0. Open a terminal via New -> Terminal in the notebook interface.
1. Add information about your cluster to the Scala kernel spec file in ~/.ipython/kernels/scala/kernel.json. (See below.)
2. Open a Scala notebook.
3. Use the pre-configured SparkContext in variable sc.

The Scala kernel automatically creates a SparkContext when it starts based on configuration information from its command line arguments and environments. Therefore, you must add it to the Scala kernel spec file. You cannot, at present, configure it yourself within a notebook.

For instance, a kernel spec file with information about a Mesos master, Spark binary location in HDFS, and an executor option appears here:

{
    "display_name": "Scala 2.10.4",
    "language": "scala",
    "argv": [
        "/opt/sparkkernel/bin/sparkkernel",
        "--profile",
        "{connection_file}",
        "--master=mesos://10.10.10.10:5050"
    ],
    "env": {
        "SPARK_CONFIGURATION": "spark.executor.memory=8g,spark.executor.uri=hdfs://10.10.10.10/spark/spark-1.5.1-bin-hadoop2.6.tgz"
    }
}

Note that this is the same information expressed in a notebook in the Python case above. Once the kernel spec has your cluster information, you can test your cluster in a Scala notebook like so:

// should print the value of --master in the kernel spec
println(sc.master)

// do something to prove it works
val rdd = sc.parallelize(0 to 99999999)
rdd.sum()

You can pass Jupyter command line options through the start-notebook.sh command when launching the container. For example, to set the base URL of the notebook server you might do the following:

docker run -d -p 8888:8888 jupyter/all-spark-notebook start-notebook.sh --NotebookApp.base_url=/some/path

You can sidestep the start-notebook.sh script entirely by specifying a command other than start-notebook.sh. If you do, the NB_USER and GRANT_SUDO features documented below will not work. See the Docker Options section for details.

You may customize the execution of the Docker container and the Notebook server it contains with the following optional arguments.

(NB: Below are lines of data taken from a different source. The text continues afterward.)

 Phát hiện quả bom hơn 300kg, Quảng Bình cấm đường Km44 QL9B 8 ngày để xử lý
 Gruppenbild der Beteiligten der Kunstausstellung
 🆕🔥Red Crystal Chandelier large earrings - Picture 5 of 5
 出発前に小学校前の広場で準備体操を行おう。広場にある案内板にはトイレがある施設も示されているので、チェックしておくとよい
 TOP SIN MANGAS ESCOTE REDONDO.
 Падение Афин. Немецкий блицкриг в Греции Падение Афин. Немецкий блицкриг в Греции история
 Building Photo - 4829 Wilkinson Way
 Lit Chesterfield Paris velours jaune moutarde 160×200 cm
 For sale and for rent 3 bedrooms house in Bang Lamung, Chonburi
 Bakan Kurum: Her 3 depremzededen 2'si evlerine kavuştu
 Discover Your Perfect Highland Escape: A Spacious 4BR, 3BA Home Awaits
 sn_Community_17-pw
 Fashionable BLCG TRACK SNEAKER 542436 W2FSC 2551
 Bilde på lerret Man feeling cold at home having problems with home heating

• -e PASSWORD="YOURPASS" - Configures Jupyter Notebook to require the given password. Should be conbined with USE_HTTPS on untrusted networks.
• -e USE_HTTPS=yes - Configures Jupyter Notebook to accept encrypted HTTPS connections. If a pem file containing a SSL certificate and key is not found in /home/jovyan/.ipython/profile_default/security/notebook.pem, the container will generate a self-signed certificate for you.
• -e NB_UID=1000 - Specify the uid of the jovyan user. Useful to mount host volumes with specific file ownership. For this option to take effect, you must run the container with --user root. (The start-notebook.sh script will su jovyan after adjusting the user id.)
• -e GRANT_SUDO=yes - Gives the jovyan user passwordless sudo capability. Useful for installing OS packages. For this option to take effect, you must run the container with --user root. (The start-notebook.sh script will su jovyan after adding jovyan to sudoers.) You should only enable sudo if you trust the user or if the container is running on an isolated host.
• -v /some/host/folder/for/work:/home/jovyan/work - Host mounts the default working directory on the host to preserve work even when the container is destroyed and recreated (e.g., during an upgrade).
• -v /some/host/folder/for/server.pem:/home/jovyan/.local/share/jupyter/notebook.pem - Mounts a SSL certificate plus key for USE_HTTPS. Useful if you have a real certificate for the domain under which you are running the Notebook server.
• -p 4040:4040 - Opens the port for the Spark Monitoring and Instrumentation UI. Note every new spark context that is created is put onto an incrementing port (ie. 4040, 4041, 4042, etc.), and it might be necessary to open multiple ports. docker run -d -p 8888:8888 -p 4040:4040 -p 4041:4041 jupyter/all-spark-notebook

The default Python 3.x Conda environment resides in /opt/conda. A second Python 2.x Conda environment exists in /opt/conda/envs/python2. You can switch to the python2 environment in a shell by entering the following:

source activate python2

You can return to the default environment with this command:

source deactivate

The commands ipython, python, pip, easy_install, and conda (among others) are available in both environments.